All I can tell you is that I know the problem, and how to repair. Provided you with the service bulletin. It’s up to you what do you do at this point. Only a service tech for Samsung or someone with access to their service bulletins would know about it. Then they would have to go to the trouble of looking it up. Most wouldn’t. I’m just one of those individuals that read those type of things. Most likely anyone you would call would not be able to answer your particular question. Good luck 


Sent from my iPhone using Tapatalk


----------



## kennykenny (Sep 23, 2007)

The following is the item that Samsung's parts distributor said was the like item to what you suggested. 

https://www.amazon.com/Samsung-DA60-00259B-Fitting-tb/dp/B00RKOC3GS

I installed the part per the instructions you provided.
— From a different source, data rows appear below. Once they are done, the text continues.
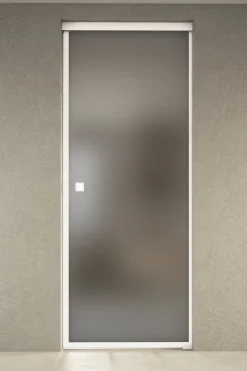 Liukuovi seinän sisään Hietakari Inne P1N New York Pocket door, soft closing -mekanismilla, mittatilaus, eri vaihtoehtoja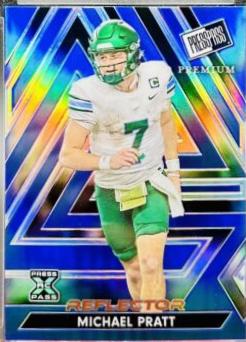 Michael Pratt [Football Reflector] #65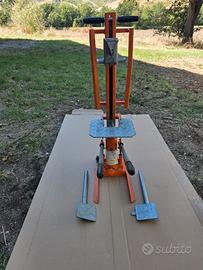 Forest Master DUO10T spacca legna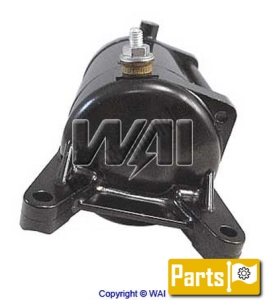 WAI 18704N starter motor - Lower part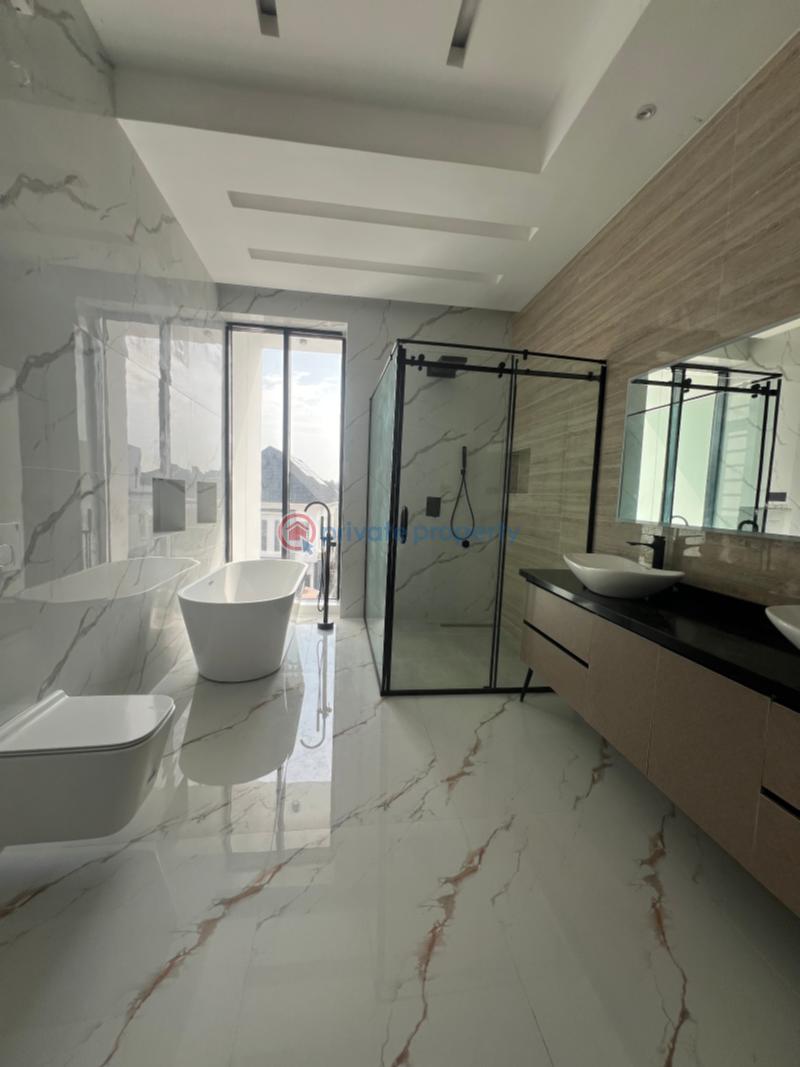 5 bedroom Detached Duplex For Sale Lekki County Home Ikota Lekki Lagos - 17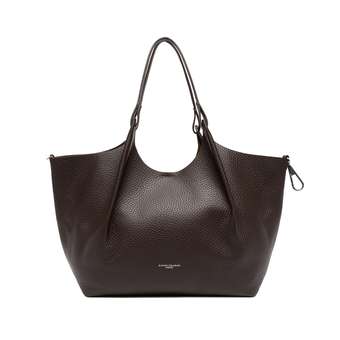 Dua Beuteltasche Espresso Castoro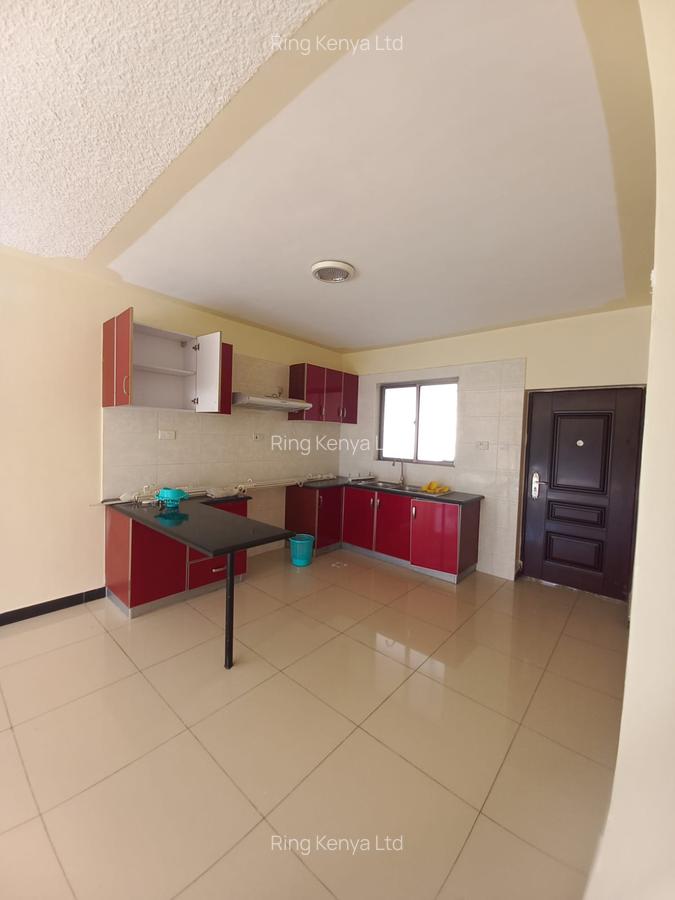 2 Bed Apartment with Swimming Pool in Kilimani - 1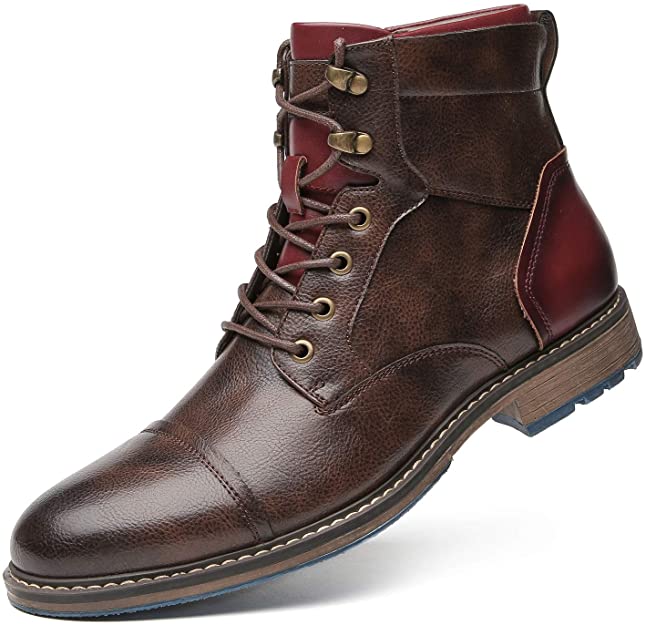 Theo® | Premium Oxford-Boots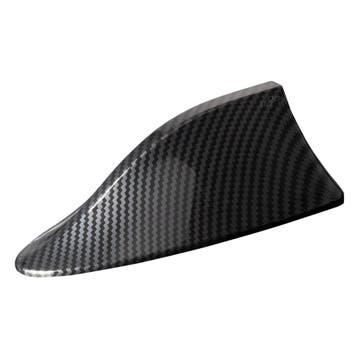 Shark fin auto-antenne carbon, Verzenden, Nieuw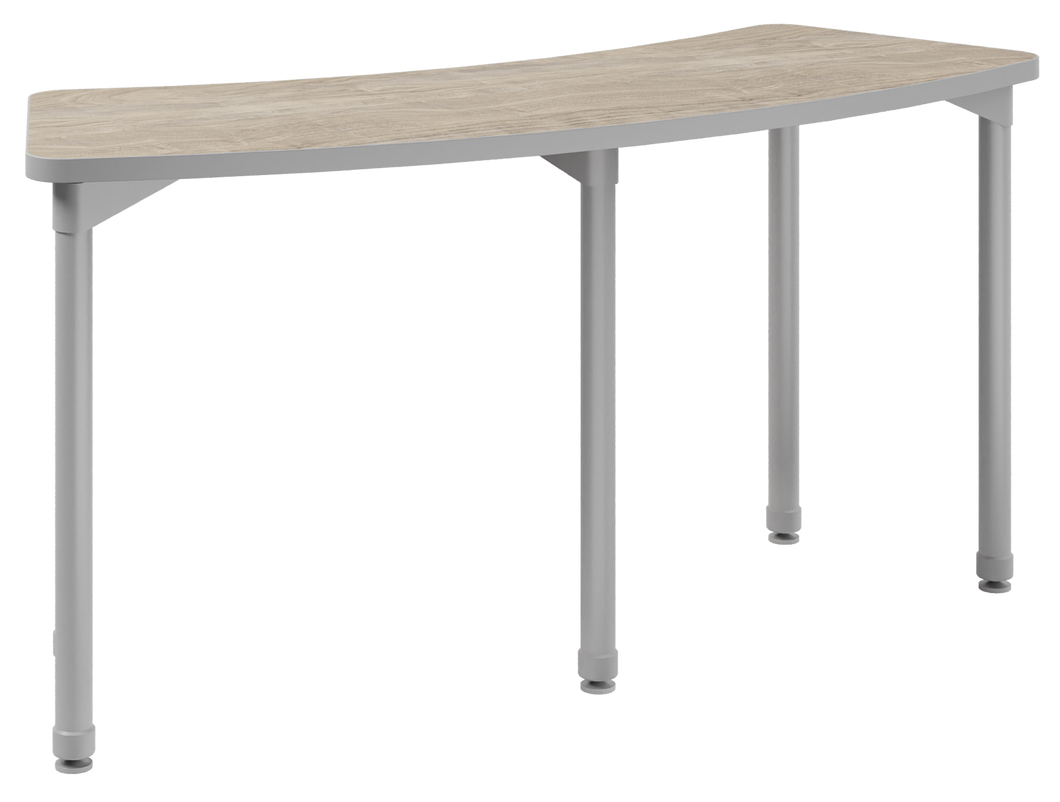 artcobell Tables shape table curve inside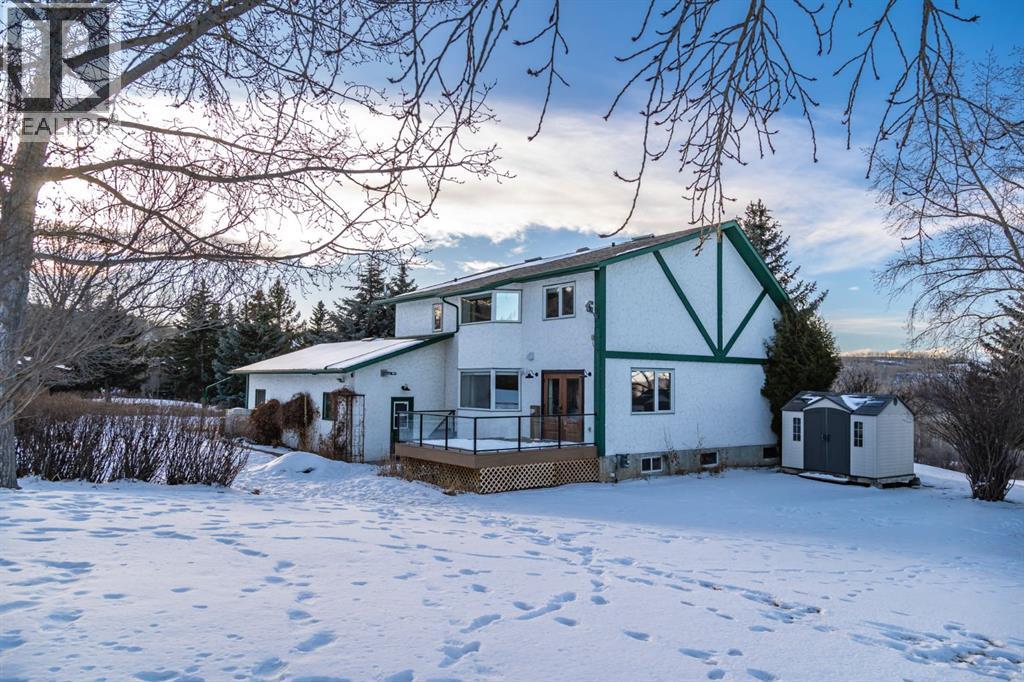 242118 White Post Lane W, Rural Foothills County, Alberta  T1S 3K3 - Photo 43 - A2278456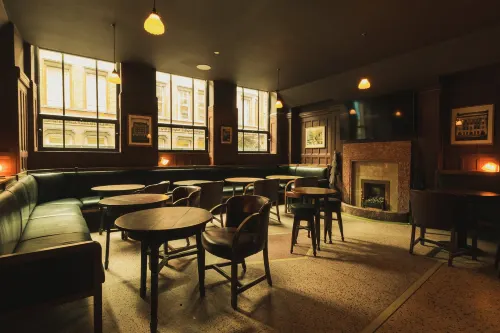The Clarence Dining Photos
I dispensed at least a gallon of water out after installation. 

It has been 6 days since replacing the part and I am seeing the same water dripping occurring. 

Does the part look the same to you? Anything else to try? Thank you.


----------



## BayouRunner (Feb 5, 2016)

If it doesn’t have a check valve it won’t work. The only way I can think of checking it is remove and blow through it. If you can blow through it both ways then no it won’t work. We never discussed if the water valve was not sealing properly. That could cause a similar issue. But it’s a known issue with that refrigerator that a check valve needs to be installed at the door. My job was to control costs at work. We kept going back on that model number refrigerators for the same problem. We only get paid by the factory once. Which lead me to find that particular service bulletin. We changed quite a few of those.


----------



## kennykenny (Sep 23, 2007)

BayouRunner said:


> If it doesn’t have a check valve it won’t work. The only way I can think of checking it is remove and blow through it. If you can blow through it both ways then no it won’t work. We never discussed if the water valve was not sealing properly. That could cause a similar issue. But it’s a known issue with that refrigerator that a check valve needs to be installed at the door. My job was to control costs at work. We kept going back on that model number refrigerators for the same problem. We only get paid by the factory once. Which lead me to find that particular service bulletin. We changed quite a few of those.


I took off the new part and was able to blow through both ends. On the original part, I was able to blow through both ends as well. 

Well, back to square one again as far as finding anyone that can identify the correct part for me. I had a heck of a time finding someone to get the current part that I received. :sad:

Thank you for your ongoing input.


----------